- Official cover

Single by Ghali

from the album Album
- Language: Italian
- Published: 28 October 2016
- Length: 3:57
- Label: Sto
- Producer: Charlie Charles

Ghali singles chronology
|  | "Ninna nanna" (2016) | "Pizza kebab" (2017) |

Music video
- "Ninna nanna" on YouTube

= Ninna nanna (Ghali song) =

"Ninna nanna" (lit. 'Lullaby') is the debut single by Italian rapper Ghali, released on 28 October 2016 as the first extract from his first studio album Album. The song peaked at number 1 of the Italian singles' chart and was certified quadruple platinum in Italy, having sold over 200,000 copies.

== Description ==
Produced by Charlie Charles, the track was originally released on 14 October 2016 on the music streaming platform Spotify, achieving gold disc certification just fourteen days after its release. The cover is the work of Giuseppe Palmisano (aka Iosonopipo), who created the artwork based on Ghali's idea of being portrayed with his mother.
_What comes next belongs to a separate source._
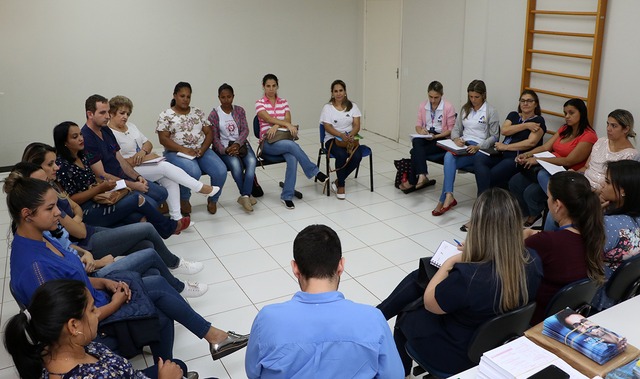 Novembro Azul terá ações direcionadas à melhoria da qualidade de vida do homem de Três Lagoas Em cada unidade de atenção básica da Secretaria Municipal de Saúde haverá um dia de mobilização com programação própria (Foto/Assessoria)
The rapper himself commented on the song with these words: "It took a while, that's how I am, I'm a perfectionist when it comes to my music, but I can assure you that "Ninna nanna" is the best single I've written to date".

== Tracks ==

| No. | Title | Length |
|---|---|---|
| 1. | "Ninna nanna" | 3:57 |
| Total length: |  | 3:57 |

==Music video==
The music video for "Ninna nanna", directed by Martina Pastori, was released on 31 October 2016 via Ghali's YouTube channel.

==Charts==

===Weekly charts===

Weekly chart performance for "Ninna nanna"
| Chart (2016) | Peak position |
|---|---|
| Italy (FIMI) | 1 |

===Year-end charts===

2016 year-end chart performance for "Ninna nanna"
| Chart (2016) | Position |
|---|---|
| Italy (FIMI) | 77 |

2017 year-end chart performance for "Ninna nanna"
| Chart (2017) | Position |
|---|---|
| Italy (FIMI) | 42 |

==Certifications==

| Region | Certification | Certified units/sales |
| Italy (FIMI) | 4× Platinum | 200,000^{‡} |
^{‡} Sales+streaming figures based on certification alone.